* DATA SHOWN *
---

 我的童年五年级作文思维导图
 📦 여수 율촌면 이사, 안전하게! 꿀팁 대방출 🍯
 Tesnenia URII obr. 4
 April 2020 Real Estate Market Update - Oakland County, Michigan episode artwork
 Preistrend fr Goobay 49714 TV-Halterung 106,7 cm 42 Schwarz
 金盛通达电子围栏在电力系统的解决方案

---

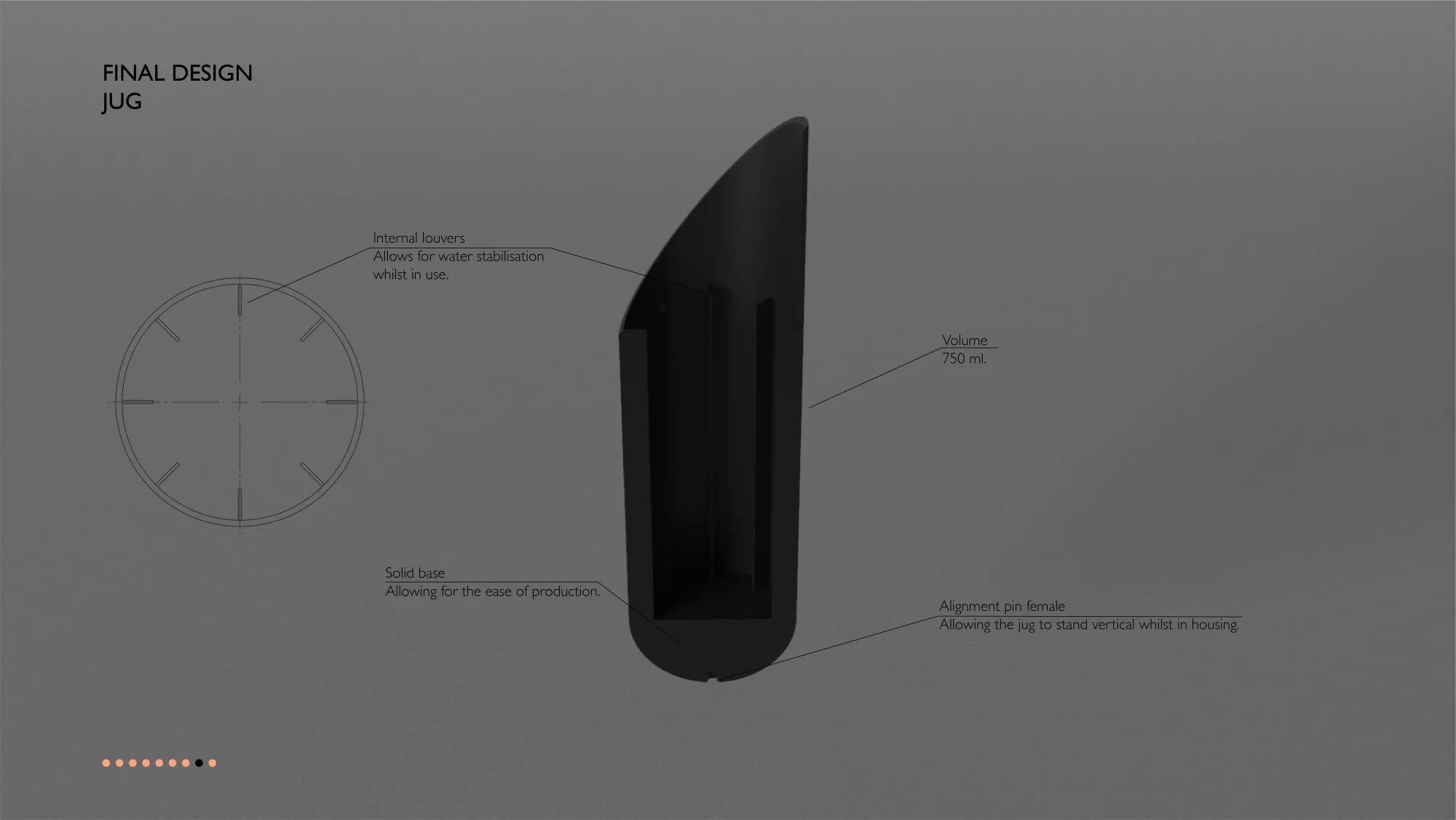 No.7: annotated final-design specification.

---

* WHAT YOU NEED TO DO *
Each line above from the one with "Tesnenia URII obr. 4" up to and including the one with "金盛通达电子围栏在电力系统的解决方案" must be set down exactly, and no line outside that span may appear.

* THE COMPLETED TASK *
 Tesnenia URII obr. 4
 April 2020 Real Estate Market Update - Oakland County, Michigan episode artwork
 Preistrend fr Goobay 49714 TV-Halterung 106,7 cm 42 Schwarz
 金盛通达电子围栏在电力系统的解决方案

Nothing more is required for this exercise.